- Born: February 14, 1935 Toronto, Ontario, Canada
- Died: June 15, 2021 (aged 86) Kitchener, Ontario, Canada
- Height: 5 ft 11 in (180 cm)
- Weight: 180 lb (82 kg; 12 st 12 lb)
- Position: Right wing
- Shot: Right
- Played for: Chicago Black Hawks Detroit Red Wings New York Rangers Montreal Canadiens
- Playing career: 1955–1969

= Howie Glover =

Canadian ice hockey player (1935–2021)

Howard Edward Glover (February 14, 1935 – June 15, 2021) was a Canadian professional ice hockey right winger. He played 144 games in the National Hockey League (NHL) with four teams between 1958 and 1969. The rest of his career, which lasted from 1955 to 1970, was spent in the minor leagues. His brother, Fred Glover, was also a player and coach in the NHL.

==Playing career==
Glover played for the following teams during his career: Toronto Marlboros, Barrie Flyers, Cleveland Barons, Toledo-Marion Mercurys, Winnipeg Warriors, Chicago Black Hawks, Calgary Stampeders, Buffalo Bisons, Detroit Red Wings, Pittsburgh Hornets, New York Rangers and Montreal Canadiens.

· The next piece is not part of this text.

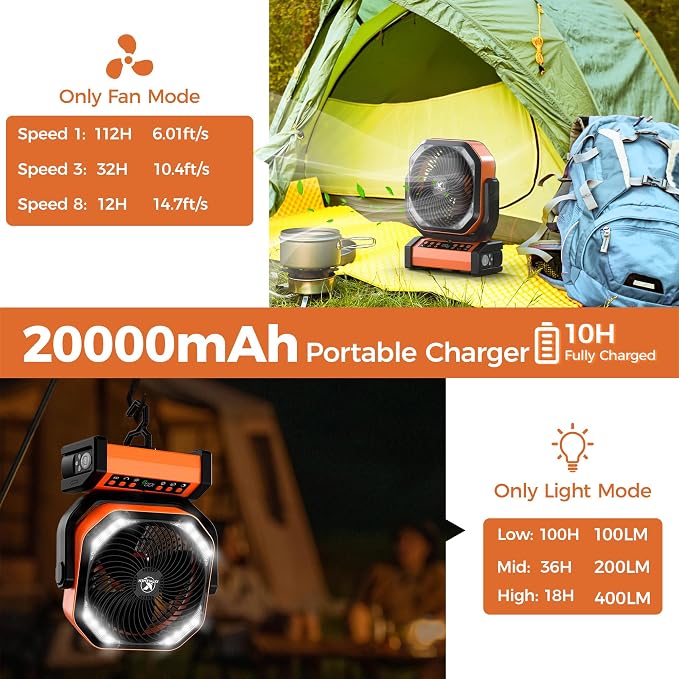 Camping Fan with Light - 20000mAh Rechargeable Battery Fan - Image 2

Glover spent parts of five seasons in the NHL during the 1950s and 60s. In 144 regular season games, Glover recorded 29 goals and 17 assists for a career total of 46 points. The majority of his career was spent in the AHL where he was an impressive goal scorer. Glover recorded a career high 41 goals with the Cleveland Barons during the 1967–68 season.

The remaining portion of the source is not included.